Глава I Бытие и Единое
Когда греки открыли философское умозрение, они прежде всего спросили себя: из чего сделаны все вещи? В одном этом вопросе уже выразилась важнейшая потребность человеческого разума. Понять и рационально объяснить некоторую вещь — значит уподобить еще неизвестное уже известному; иначе говоря, значит мыслить ее тождественной по своей природе чему-то, что мы уже знаем. Следовательно, знать природу реального вообще — значит знать, что каждое из сущих, в совокупности составляющих вселенную, независимо от внешних отличительных признаков, по своей природе тождественно любому другому сущему, действительному или возможному. Чем менее подвергалось рефлексии это убеждение, тем оно было крепче. Именно оно побуждало первых греческих мыслителей последовательно искать первооснову реальности в воде, воздухе, огне, пока один из них не отважился предложить радикальное решение проблемы, заявив, что первой материей, из которой как бы изготовлены все вещи, является бытие.

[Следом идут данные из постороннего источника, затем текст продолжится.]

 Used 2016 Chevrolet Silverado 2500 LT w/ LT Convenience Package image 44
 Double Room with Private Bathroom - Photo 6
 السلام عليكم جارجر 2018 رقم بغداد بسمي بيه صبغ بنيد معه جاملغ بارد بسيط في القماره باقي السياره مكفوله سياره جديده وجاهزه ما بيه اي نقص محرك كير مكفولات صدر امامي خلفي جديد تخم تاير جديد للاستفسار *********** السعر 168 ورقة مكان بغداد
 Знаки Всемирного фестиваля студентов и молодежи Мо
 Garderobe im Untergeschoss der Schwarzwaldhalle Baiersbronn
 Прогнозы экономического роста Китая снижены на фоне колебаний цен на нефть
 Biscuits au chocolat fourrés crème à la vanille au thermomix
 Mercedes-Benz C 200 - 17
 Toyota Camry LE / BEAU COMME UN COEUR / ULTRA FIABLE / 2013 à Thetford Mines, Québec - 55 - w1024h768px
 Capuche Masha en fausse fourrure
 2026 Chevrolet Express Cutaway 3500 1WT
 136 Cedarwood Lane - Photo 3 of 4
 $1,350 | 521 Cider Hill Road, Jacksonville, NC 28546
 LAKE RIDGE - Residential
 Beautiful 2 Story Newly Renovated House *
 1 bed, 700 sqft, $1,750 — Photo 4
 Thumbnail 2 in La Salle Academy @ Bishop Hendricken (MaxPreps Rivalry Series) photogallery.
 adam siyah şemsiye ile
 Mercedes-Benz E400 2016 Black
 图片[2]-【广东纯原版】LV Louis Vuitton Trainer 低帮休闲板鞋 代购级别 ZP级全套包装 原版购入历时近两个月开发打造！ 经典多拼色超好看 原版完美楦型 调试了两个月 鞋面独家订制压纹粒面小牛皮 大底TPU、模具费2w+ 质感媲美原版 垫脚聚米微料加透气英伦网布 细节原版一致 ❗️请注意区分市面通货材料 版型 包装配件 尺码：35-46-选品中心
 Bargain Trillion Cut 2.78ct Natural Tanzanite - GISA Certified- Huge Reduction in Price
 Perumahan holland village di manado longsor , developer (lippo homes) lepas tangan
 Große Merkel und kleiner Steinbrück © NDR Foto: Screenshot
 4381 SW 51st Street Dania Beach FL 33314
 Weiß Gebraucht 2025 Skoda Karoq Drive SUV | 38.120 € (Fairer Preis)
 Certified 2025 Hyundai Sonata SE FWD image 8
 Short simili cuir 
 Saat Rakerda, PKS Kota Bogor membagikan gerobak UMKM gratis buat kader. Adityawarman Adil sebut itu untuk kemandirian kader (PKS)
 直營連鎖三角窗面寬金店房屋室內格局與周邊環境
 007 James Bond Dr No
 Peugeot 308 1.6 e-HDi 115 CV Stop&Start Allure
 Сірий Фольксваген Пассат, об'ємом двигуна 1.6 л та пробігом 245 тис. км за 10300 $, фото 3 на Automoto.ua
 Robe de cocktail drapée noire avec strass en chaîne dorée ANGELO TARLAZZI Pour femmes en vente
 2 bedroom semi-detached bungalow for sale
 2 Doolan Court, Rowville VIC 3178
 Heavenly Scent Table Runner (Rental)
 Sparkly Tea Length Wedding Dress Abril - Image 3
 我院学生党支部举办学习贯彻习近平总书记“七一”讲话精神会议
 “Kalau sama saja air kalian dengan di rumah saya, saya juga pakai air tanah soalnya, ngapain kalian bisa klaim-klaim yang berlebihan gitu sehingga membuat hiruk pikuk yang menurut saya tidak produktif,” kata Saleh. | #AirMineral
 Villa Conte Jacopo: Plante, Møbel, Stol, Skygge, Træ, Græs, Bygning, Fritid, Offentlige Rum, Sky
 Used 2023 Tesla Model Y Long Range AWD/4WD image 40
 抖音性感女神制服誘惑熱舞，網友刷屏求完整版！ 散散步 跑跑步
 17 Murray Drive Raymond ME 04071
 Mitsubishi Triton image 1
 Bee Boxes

Очевидно, ответ был верен: коль скоро любой элемент реальности, мыслимой в общем виде, есть сущее, то существенные свойства бытия должны принадлежать всему существующему. Сделав это открытие, Парменид Элейский занял безупречную метафизическую позицию, неуязвимую для любого мышления, следующего тем же путем. Но в то же время он был обязан объяснить, что именно он понимал под «бытием». Описание бытия, данное Парменидом, еще и сегодня заслуживает внимания.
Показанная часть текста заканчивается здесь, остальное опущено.